Bracketing that “File,” filmmaker Andrew Dominik (of The Assassination of Jesse James by the Coward Robert Ford and the recent Marilyn Monroe semi-biopic Blonde) made two documentaries centered around the writing and recording of Cave’s albums. The first, One More Time With Feeling (2016; streaming on MUBI or for rent on Amazon Video), filmed the process around Skeleton Tree, but it coincided with the time just after the death of his son Arthur. The second, This Much I Know to Be True (2022; streaming on MUBI), was filmed in 2019 and 2020, around the making of the albums Ghosteen (begun just after his son’s death) and Carnage.

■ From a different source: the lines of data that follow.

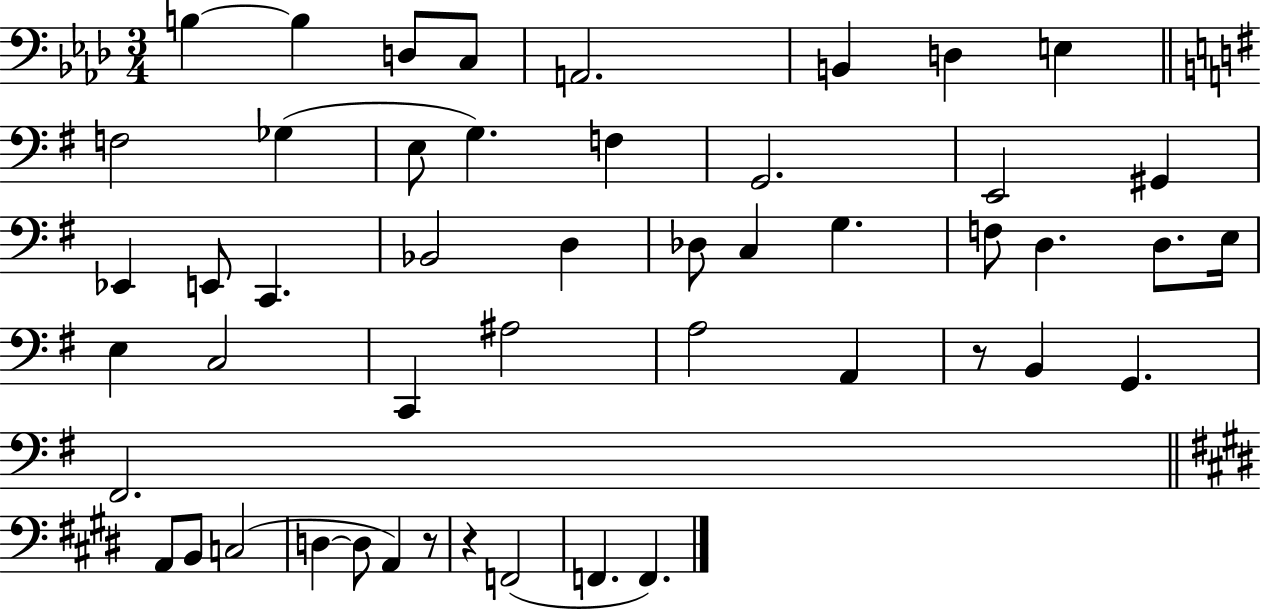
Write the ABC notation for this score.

X:1
T:Untitled
M:3/4
L:1/4
K:Ab
B, B, D,/2 C,/2 A,,2 B,, D, E, F,2 _G, E,/2 G, F, G,,2 E,,2 ^G,, _E,, E,,/2 C,, _B,,2 D, _D,/2 C, G, F,/2 D, D,/2 E,/4 E, C,2 C,, ^A,2 A,2 A,, z/2 B,, G,, ^F,,2 A,,/2 B,,/2 C,2 D, D,/2 A,, z/2 z F,,2 F,, F,, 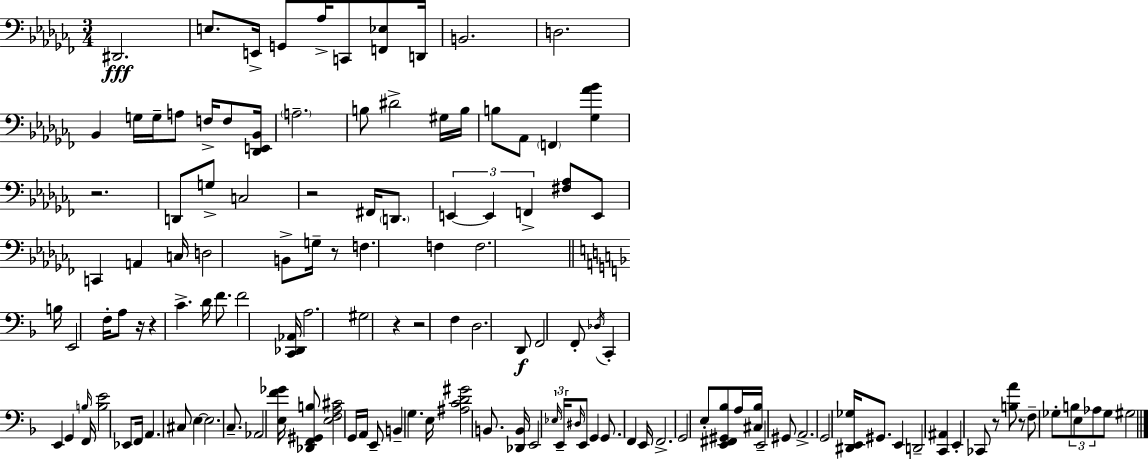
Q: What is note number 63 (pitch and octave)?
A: Eb2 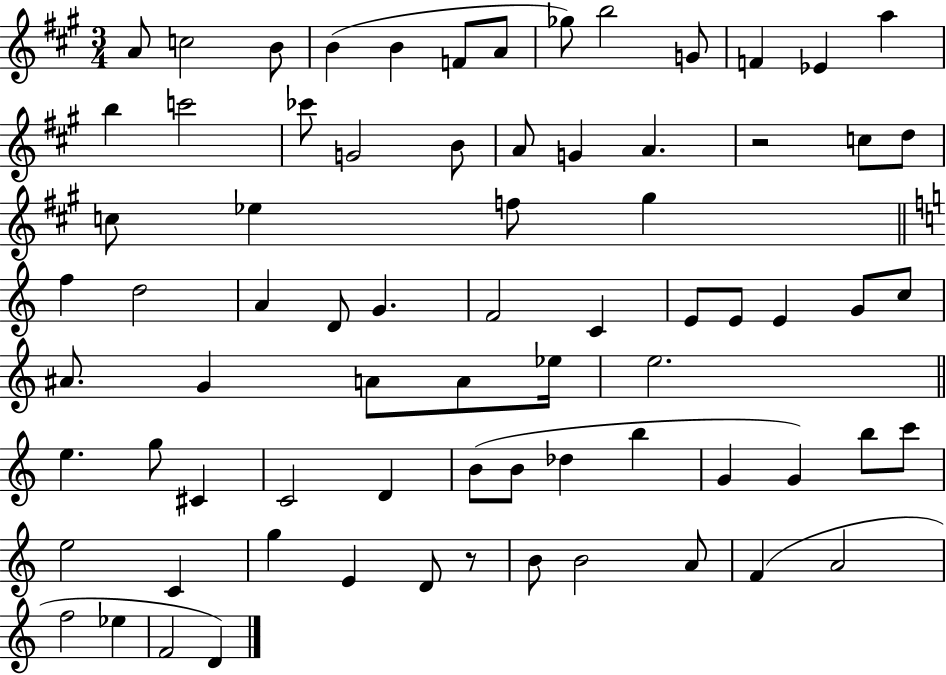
A4/e C5/h B4/e B4/q B4/q F4/e A4/e Gb5/e B5/h G4/e F4/q Eb4/q A5/q B5/q C6/h CES6/e G4/h B4/e A4/e G4/q A4/q. R/h C5/e D5/e C5/e Eb5/q F5/e G#5/q F5/q D5/h A4/q D4/e G4/q. F4/h C4/q E4/e E4/e E4/q G4/e C5/e A#4/e. G4/q A4/e A4/e Eb5/s E5/h. E5/q. G5/e C#4/q C4/h D4/q B4/e B4/e Db5/q B5/q G4/q G4/q B5/e C6/e E5/h C4/q G5/q E4/q D4/e R/e B4/e B4/h A4/e F4/q A4/h F5/h Eb5/q F4/h D4/q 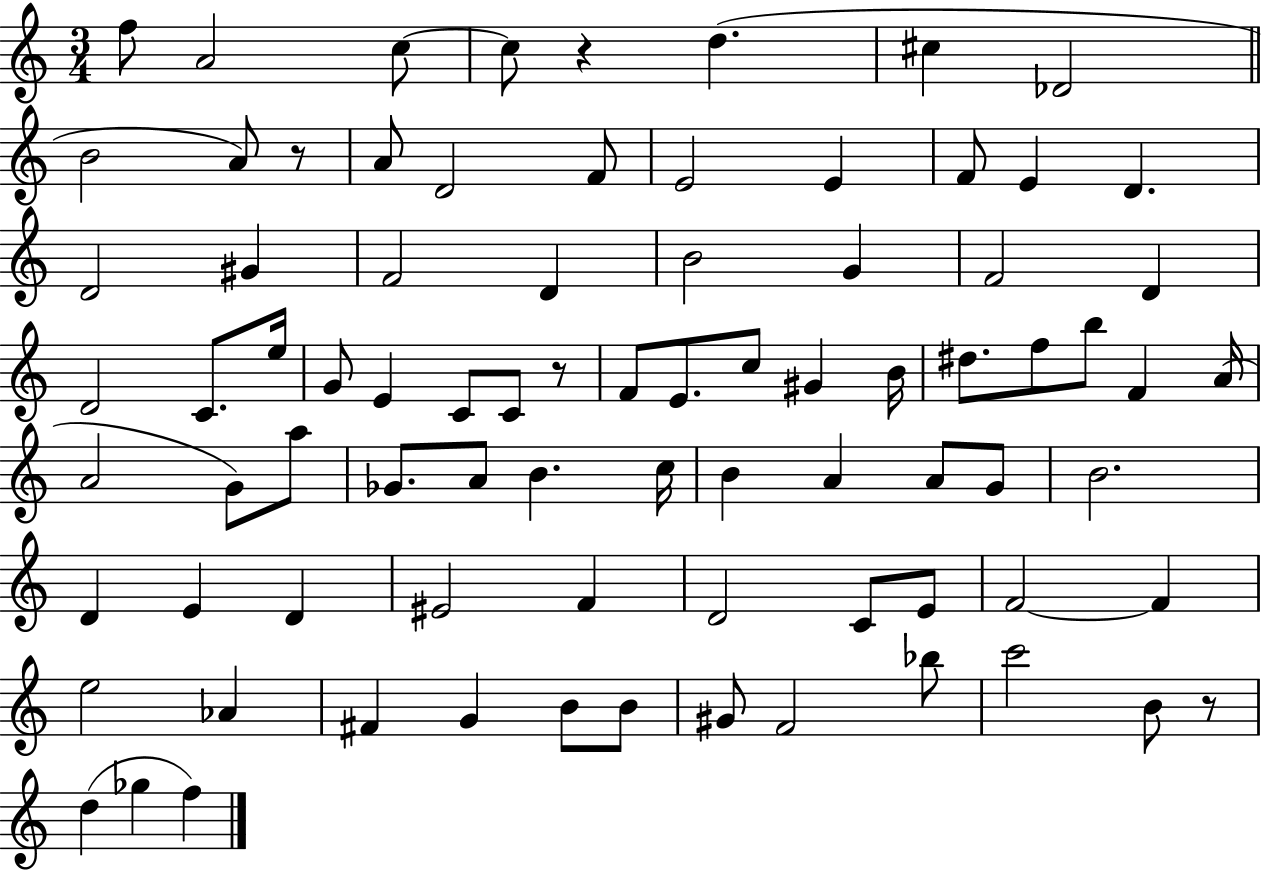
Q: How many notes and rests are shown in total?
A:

But in a recent interview in the Anglican-associated Church Times, Cave seems to have come back around to the church of his youth, related to his conversations with journalist Seán O’Hagan, which resulted in the book Faith, Hope and Carnage (which I’m hoping to read soon). I admit that I am not a long-time Nick Cave fan. His songs have been on the periphery of things I’ve liked (he wrote Red Right Hand, which became the theme song for Peaky Blinders, one of my favorite shows), but I’ve never owned his albums until now.

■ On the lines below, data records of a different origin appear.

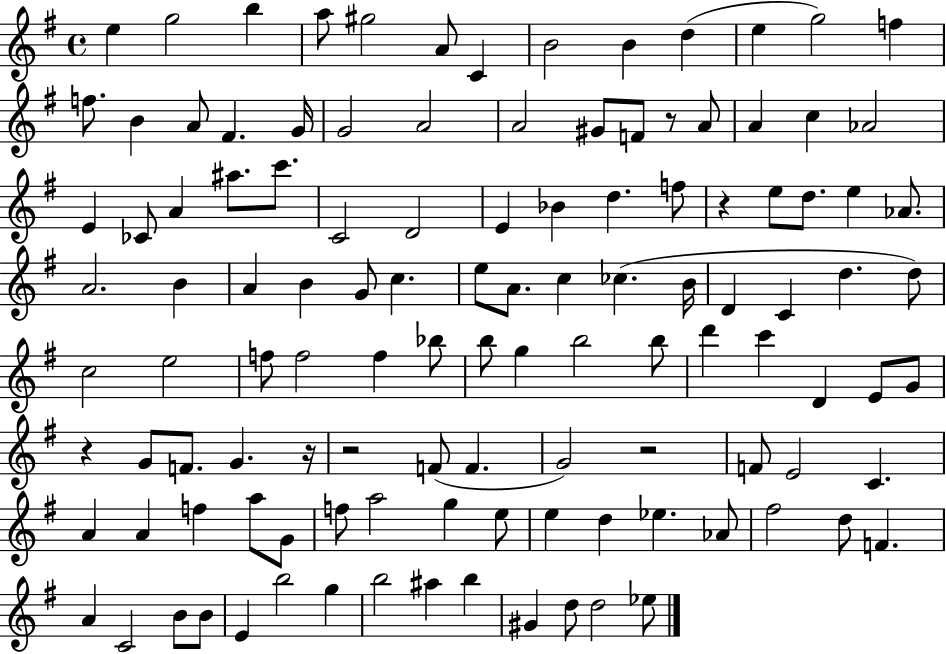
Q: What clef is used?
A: treble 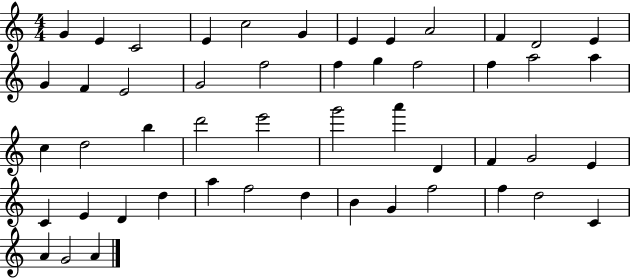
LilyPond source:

{
  \clef treble
  \numericTimeSignature
  \time 4/4
  \key c \major
  g'4 e'4 c'2 | e'4 c''2 g'4 | e'4 e'4 a'2 | f'4 d'2 e'4 | \break g'4 f'4 e'2 | g'2 f''2 | f''4 g''4 f''2 | f''4 a''2 a''4 | \break c''4 d''2 b''4 | d'''2 e'''2 | g'''2 a'''4 d'4 | f'4 g'2 e'4 | \break c'4 e'4 d'4 d''4 | a''4 f''2 d''4 | b'4 g'4 f''2 | f''4 d''2 c'4 | \break a'4 g'2 a'4 | \bar "|."
} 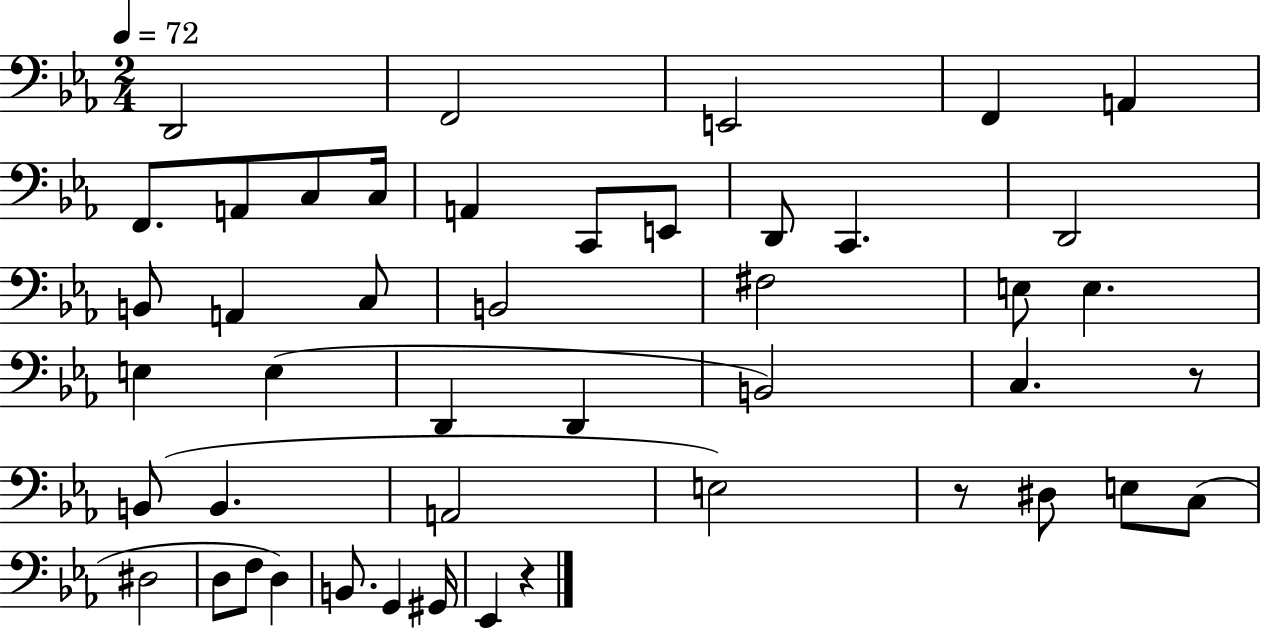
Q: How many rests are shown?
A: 3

And yet, as Advent begins, there is something that floats through his recent work that fits the season. There is a longing, searching, waiting, especially on the three most recent albums covered in the documentaries, and those themes seem to have been sharpened by the deaths of his sons (another son, Jethro, died earlier this year). In “Bright Horses,” Cave articulates the human longing for things to make sense in the face of grief, and our tendency to attribute more meaning to things than they can bear: “And everyone has a heart and it’s calling for something/And we are all so sick and tired of seeing things as they are/Horses are just horses and their manes aren’t full of fire/And the fields are just fields and there ain’t no Lord/And everyone is hidden and everyone is cruel/And there is no shortage of tyrants and no shortage of fools/And the little white shape dancing at the end of the hall/Is just a wish that time can’t dissolve at all.” Even so, even though “This world is plain to see/It don’t mean we can’t believe/In something and any way/My baby’s coming back now/On the next train/I can hear the whistle blowing/I can hear the mighty roar/I can hear the horses prancing/In the pastures of the Lord.”

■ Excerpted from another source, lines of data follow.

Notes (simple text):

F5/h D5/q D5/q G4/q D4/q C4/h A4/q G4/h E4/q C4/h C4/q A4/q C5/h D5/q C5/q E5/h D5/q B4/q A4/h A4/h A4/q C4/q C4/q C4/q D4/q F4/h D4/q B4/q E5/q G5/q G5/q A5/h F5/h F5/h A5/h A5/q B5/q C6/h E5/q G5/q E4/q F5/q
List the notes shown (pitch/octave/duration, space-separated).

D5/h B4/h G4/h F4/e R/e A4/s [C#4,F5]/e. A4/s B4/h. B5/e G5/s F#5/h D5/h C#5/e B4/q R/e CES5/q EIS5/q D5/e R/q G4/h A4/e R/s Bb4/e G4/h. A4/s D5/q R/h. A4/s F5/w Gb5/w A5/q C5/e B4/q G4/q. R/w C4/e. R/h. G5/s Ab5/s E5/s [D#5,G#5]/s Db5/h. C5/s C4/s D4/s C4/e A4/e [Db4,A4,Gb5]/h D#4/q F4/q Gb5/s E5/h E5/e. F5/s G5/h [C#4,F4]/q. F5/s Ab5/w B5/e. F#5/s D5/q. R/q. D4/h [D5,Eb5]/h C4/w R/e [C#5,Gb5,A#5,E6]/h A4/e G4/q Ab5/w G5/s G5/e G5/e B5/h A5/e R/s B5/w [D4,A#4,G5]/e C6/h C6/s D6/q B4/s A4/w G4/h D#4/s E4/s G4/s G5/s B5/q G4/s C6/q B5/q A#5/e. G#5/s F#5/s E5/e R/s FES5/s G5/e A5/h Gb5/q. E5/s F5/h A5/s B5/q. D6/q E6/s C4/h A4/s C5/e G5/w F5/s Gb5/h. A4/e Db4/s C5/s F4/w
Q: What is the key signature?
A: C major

Advent is a season of seeing this world as it is, being sick of it, and “calling for something.” Advent is the season of the Church Calendar that fits more fully than any other into this world, not as it will be, but as it is. Because Advent has been consumed (often literally, by consumers) by the commercializing of decorations, gifts, cards, trees, and lights, even those who want to observe something like Advent are stymied by preparations for Christmas. Search for Advent music on Spotify, for example, and you will find it mostly populated with Christmas songs (and approximately 10,783 versions of “O Come, O Come, Emmanuel”).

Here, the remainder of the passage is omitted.